═════ Data records

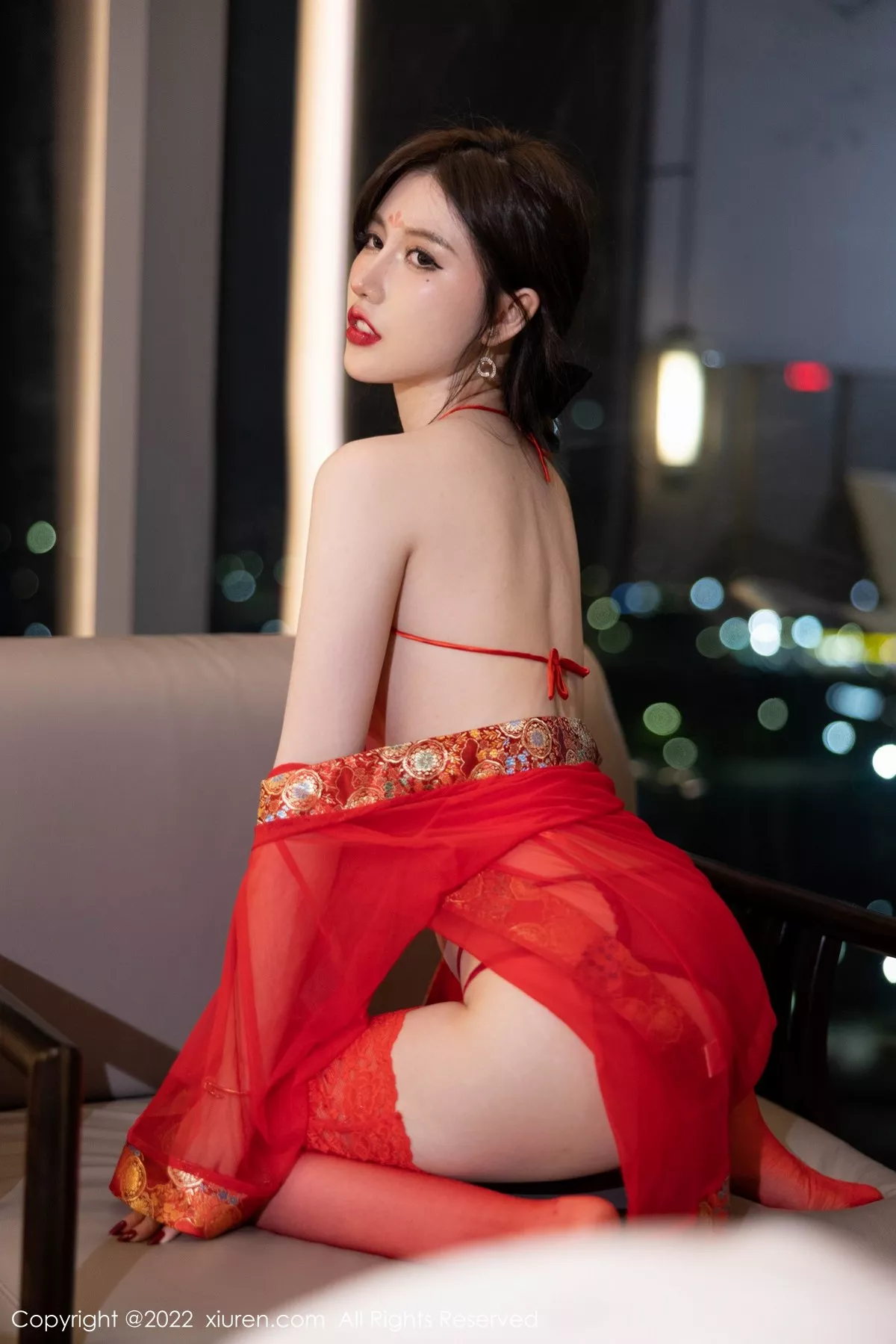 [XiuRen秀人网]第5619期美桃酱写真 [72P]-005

══════════
═════ Data records

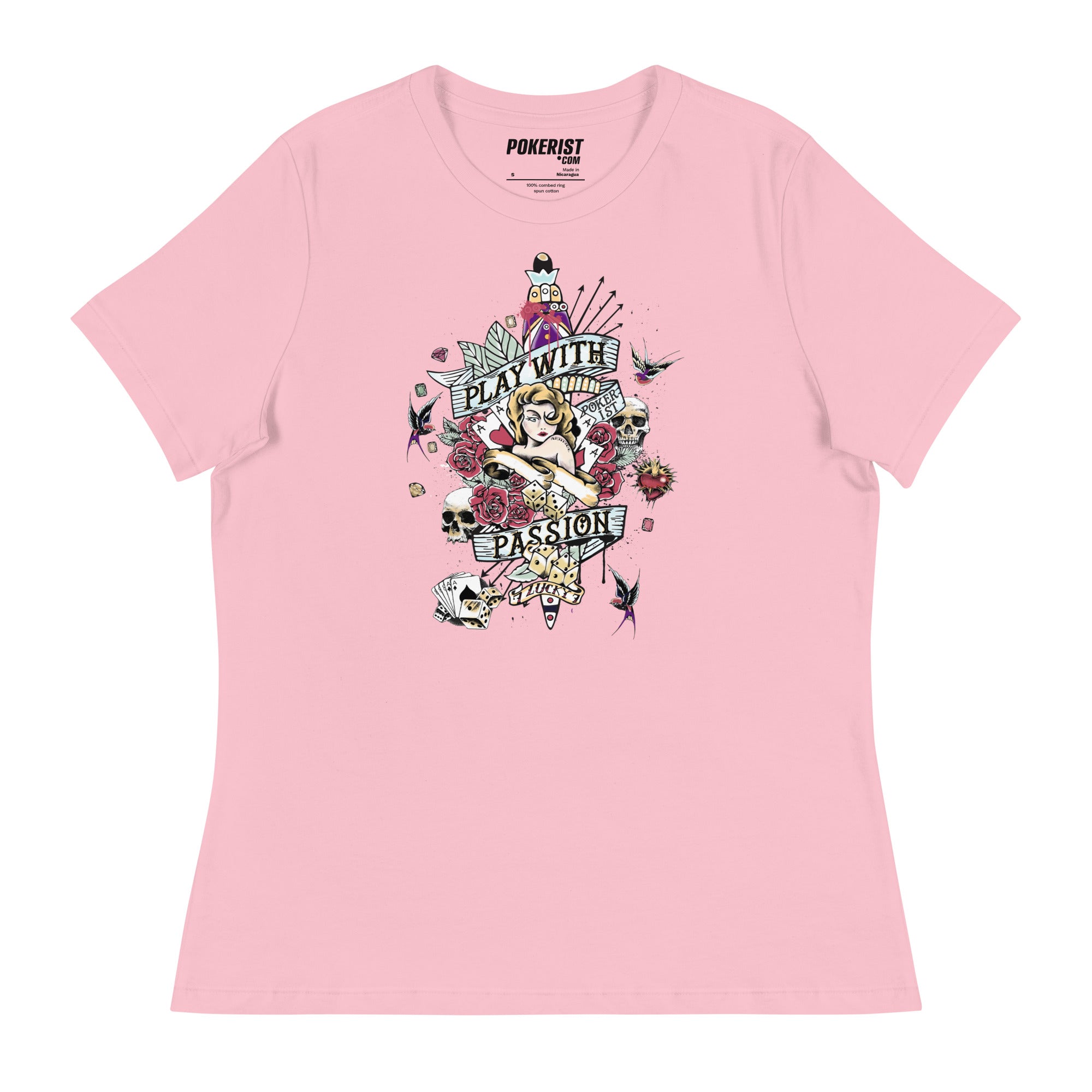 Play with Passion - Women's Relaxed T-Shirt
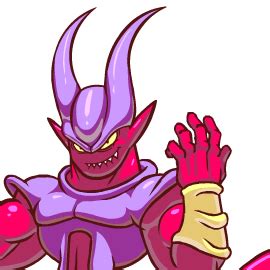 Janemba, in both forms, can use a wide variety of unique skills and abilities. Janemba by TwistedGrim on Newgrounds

══════════
═════ Data records

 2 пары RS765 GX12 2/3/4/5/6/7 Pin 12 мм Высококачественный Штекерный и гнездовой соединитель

══════════

● What the exercise asks:
Pictures excluded, reproduce only the part above that opens with the line holding "Play with Passion - Women's Relaxed T-Shirt" and closes with the line holding "Janemba, in both", exactly as written.

● Written response:
 Play with Passion - Women's Relaxed T-Shirt
 Janemba, in both forms, can use a wide variety of unique skills and abilities. Janemba by TwistedGrim on Newgrounds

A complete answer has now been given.